Why the HTC 10 is EPIC
At this point I should probably back up and explain why it’s such an interesting product. Back last year, SanDisk launched their EPIC initiative to help drive improvements in mobile imaging. The goal is to make device manufacturers take holistic view at mobile imaging development and so provide a smartphone camera that is greater than the sum of its parts.
To be an EPIC certified device, the camera functionality has to provide certain features and benefits, like the ability to shoot RAW images, provide manual exposure controls for advanced photographers, shoot burst sequences and capture 4K video and offer fast, high capacity memory and a microSD card slot so storage and storage performance does not negatively affect the user experience.
Skip forward again to April, and the HTC 10 became the second SanDisk EPIC certified smartphone. This coincided quite nicely with tulip time in New York, with Central Park having many of the flower beds planted with the colorful flowers. And flowers are always a good test – lots of color, macro focusing, dynamic range, depth of field tests and so on.
And so far, the HTC 10 has performed very well. Colors have been bright and punchy, there seems to be good dynamic range through images and the laser autofocus works well, locking on to subjects quickly and accurately.
A Camera a Photographer Could Love
In use, the camera app gives a lot of control – as a professional photographer, I like to tell the camera what exposure I want rather than relying on what it thinks. Being able to change the shutter speed and ISO makes a big difference. Also, having White Balance adjustment helps ensure images inside don’t look over-yellow. The final, pleasing, part of the puzzle app is manual focus control.

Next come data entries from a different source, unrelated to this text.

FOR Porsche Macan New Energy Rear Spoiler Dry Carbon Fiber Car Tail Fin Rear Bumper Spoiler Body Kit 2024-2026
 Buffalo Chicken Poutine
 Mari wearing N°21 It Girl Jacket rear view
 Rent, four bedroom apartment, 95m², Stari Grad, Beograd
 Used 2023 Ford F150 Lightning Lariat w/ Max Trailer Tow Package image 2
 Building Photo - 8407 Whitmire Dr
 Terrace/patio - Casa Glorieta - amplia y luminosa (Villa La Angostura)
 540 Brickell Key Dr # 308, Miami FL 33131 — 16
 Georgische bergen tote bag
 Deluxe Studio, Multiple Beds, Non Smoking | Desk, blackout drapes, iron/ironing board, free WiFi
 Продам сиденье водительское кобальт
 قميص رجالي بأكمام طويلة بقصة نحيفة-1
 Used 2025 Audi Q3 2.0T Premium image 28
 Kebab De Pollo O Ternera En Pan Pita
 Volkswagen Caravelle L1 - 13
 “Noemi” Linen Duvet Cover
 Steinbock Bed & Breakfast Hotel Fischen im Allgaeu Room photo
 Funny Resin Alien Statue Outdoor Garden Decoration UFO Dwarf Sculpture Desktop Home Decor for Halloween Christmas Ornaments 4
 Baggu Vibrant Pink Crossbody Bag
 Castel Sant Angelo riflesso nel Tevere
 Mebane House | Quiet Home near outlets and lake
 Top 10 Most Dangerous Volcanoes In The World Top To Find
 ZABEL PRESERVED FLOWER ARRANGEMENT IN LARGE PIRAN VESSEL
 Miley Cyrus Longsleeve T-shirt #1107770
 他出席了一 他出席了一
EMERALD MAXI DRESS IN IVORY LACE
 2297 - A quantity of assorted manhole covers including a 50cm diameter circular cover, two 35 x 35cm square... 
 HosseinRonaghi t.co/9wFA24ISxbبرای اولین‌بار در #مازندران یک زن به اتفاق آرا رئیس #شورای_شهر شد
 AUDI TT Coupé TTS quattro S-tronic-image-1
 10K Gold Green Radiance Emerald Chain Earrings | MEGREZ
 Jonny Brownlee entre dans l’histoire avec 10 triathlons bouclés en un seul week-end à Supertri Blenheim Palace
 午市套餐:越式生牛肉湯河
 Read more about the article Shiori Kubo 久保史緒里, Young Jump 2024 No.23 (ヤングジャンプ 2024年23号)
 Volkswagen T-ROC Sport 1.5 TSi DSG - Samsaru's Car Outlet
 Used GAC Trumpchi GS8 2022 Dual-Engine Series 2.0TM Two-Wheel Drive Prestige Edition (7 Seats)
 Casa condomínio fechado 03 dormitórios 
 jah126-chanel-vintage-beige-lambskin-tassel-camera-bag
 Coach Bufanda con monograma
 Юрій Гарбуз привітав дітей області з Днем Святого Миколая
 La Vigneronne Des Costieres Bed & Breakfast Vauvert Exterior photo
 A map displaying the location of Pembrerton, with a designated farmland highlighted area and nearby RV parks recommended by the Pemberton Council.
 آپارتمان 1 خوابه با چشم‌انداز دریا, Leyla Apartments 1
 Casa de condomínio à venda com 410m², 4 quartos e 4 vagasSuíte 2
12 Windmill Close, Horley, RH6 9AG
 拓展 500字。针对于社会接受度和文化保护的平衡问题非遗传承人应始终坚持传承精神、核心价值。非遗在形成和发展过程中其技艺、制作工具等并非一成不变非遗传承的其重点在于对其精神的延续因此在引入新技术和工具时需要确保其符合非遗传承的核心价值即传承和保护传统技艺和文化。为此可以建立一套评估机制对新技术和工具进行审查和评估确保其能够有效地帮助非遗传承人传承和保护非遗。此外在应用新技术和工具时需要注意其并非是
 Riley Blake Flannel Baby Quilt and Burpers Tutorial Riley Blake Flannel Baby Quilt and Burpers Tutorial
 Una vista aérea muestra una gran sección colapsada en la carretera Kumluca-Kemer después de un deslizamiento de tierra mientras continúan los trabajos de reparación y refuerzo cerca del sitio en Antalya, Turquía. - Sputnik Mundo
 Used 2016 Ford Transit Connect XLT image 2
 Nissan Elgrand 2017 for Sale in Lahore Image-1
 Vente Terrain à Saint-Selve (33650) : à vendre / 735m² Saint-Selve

This is something we have seen start to appear on other Android devices and it really is good for the times when either the AF doesn’t lock on, or, more usually, when you want to be a bit more creative with your focusing.
The other thing that has struck me in use is how quick the phone feels. Apps seem to load quickly, there’s no waiting, opening RAW files, then re-saving them once processed doesn’t feel like the time-suck I was expecting. It points to the iNAND 7232 really doing a good job of keeping the operating system and memory access tasks flowing smoothly.
All in all, it’s been an enjoyable month with the phone so far, and I’m looking forward to pushing it further on shoots coming up in the next few weeks. Right, must dash, just about to head out to shoot the British Bluebells at sunset….and yes, the HTC 10 is coming with me!